Celebrating the art of tattoo by uniting five artists from across Europe to create the continent’s first tattooed leather billboard.
This autumn, Bulleit Bourbon the Frontier Whiskey is celebrating the creative art of tattooing from across Europe with the Community Ink Project. It was unveiled at London Tattoo Convention and is now touring different venues across Europe, including Copenhagen, and Amsterdam.
The Community Ink Project unites five of the continent’s most exciting artists to create Europe’s first tattooed leather billboard. Bulleit commissioned Dominique Holmes in London, Ross Nagle from Ireland, Chris Henriksen from Denmark, Valentin Hirsch from Berlin and Amsterdam based artist Sara Koning to design and create a leather tattoo mural that has been inspired by their local city and community. Each unique design, which tells an individual story, it is combined to create a 3mx2m leather tattoo billboard to create one large collaborative piece of artwork.
“Tattoo as an art form transcends borders and cultures, and as a brand, that’s exactly where we want to be” said Ziad Chami, Head of Reserve Marketing for Europe. “Bulleit’s Community Ink project is all about heroing truly creative people and those who live on the cultural frontier. The artists have been a real joy to work with and the artwork we’ve seen has blown us away. We’re looking forward to doing more projects like this with our Frontier Works program in the future.”
The artists spent over 220 hours, in total, creating the billboard and used over 120 needles. To see how they got on, and to find out a little bit more about the project, keep an eye on the @BulleitWhiskey social channels.
To coincide with the launch of the Community Ink project Bulleit has released a special Tattoo Edition bottle, which features a design from New York based tattoo artist Jess Mascetti, printed directly on to the bottle.
Dominique Holmes is a London based tattoo artist and has created one of the designs to reflect the diverse culture across London. After working for a renowned and respected London Tattoo parlour, in her own independent spirit, Dominique decided to pursue her passion and set up her own company. This confidence reflects that of Tom Bulleit’s entrepreneurial spirit, the founder of Bulleit Whiskey, who left his law practice to risk everything and live life on the frontier following his dream.
Her design encompasses references to London’s past, present and future, with nods to the Victorian era to today’s cultural trends. The city’s creative and musical heritage is depicted within the Bowie-inspired lightening bolts in the butterflies and the Pink Floyd-inspired triangles, which also pay homage to the Shoreditch Design Triangle, celebrating the creative community in East London. Dom comments; “It’s been great to represent London for Bulleit Frontier Whiskey and their Community Ink project, amongst a hugely talented creative community of tattoo artists from across Europe. I’ve loved being able to illustrate what London means to me through my artwork and hopefully shine a positive light on a truly global cultural movement.”
Do you want to tell us more about the COMMUNITY INK Project?

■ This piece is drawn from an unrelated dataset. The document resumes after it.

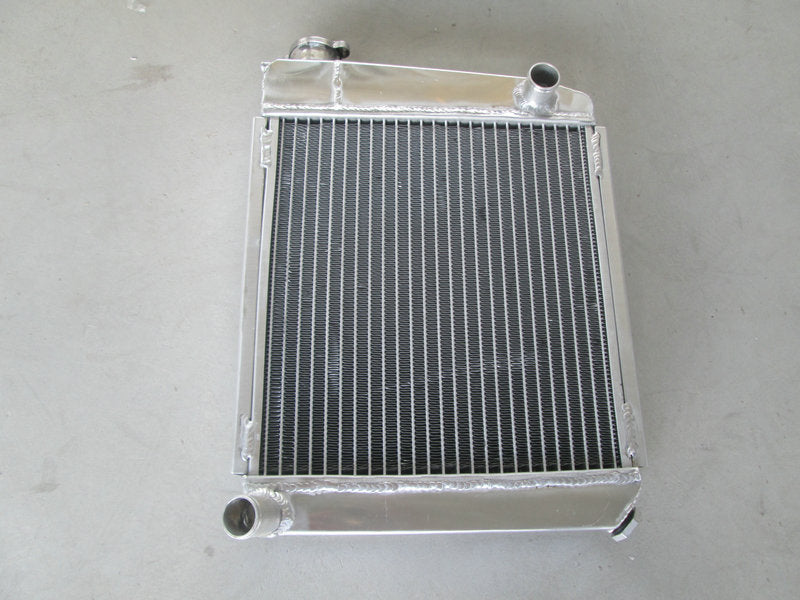 Aluminum Radiator &Fan for AUSTIN ROVER MINI 1275 GT 1959-1997 Manual MINI COOPER 59 60 67 68 76 91 97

Bulleit Frontier Whiskey approached me to be part of the community Ink project, explaining that they wanted me to create a design that represented London and its community. I love London and it inspires much of my work and has been a big influence in my life. The project is a collaborative piece of work between a community of tattoo artists: Ross Nagle from Ireland, Chris Henriksen from Denmark, Valentin Hirsch from Berlin, Amsterdam-based artist Sara Koning and myself from London. Each artist created their own unique design that represented their city, which came together to create Europe’s first leather tattoo billboard commissioned by Bulleit Frontier Whiskey.
How do you think tattoo culture has the power to transcend borders, cultures and trends?
Tattooing has a unique ability to transcend cultures around the world. We have seen over the years how styles that were native to one particular region or culture have crossed geographical and social borders. From that we’ve seen people gain a greater understanding and interest in these other cultures in terms of their art and history, which has almost certainly added to the appeal.
The Community Ink project was a great example that brought a variety of culture together through tattoo artwork.
Do you think the art of tattooing now can be recognised as a true art form in itself?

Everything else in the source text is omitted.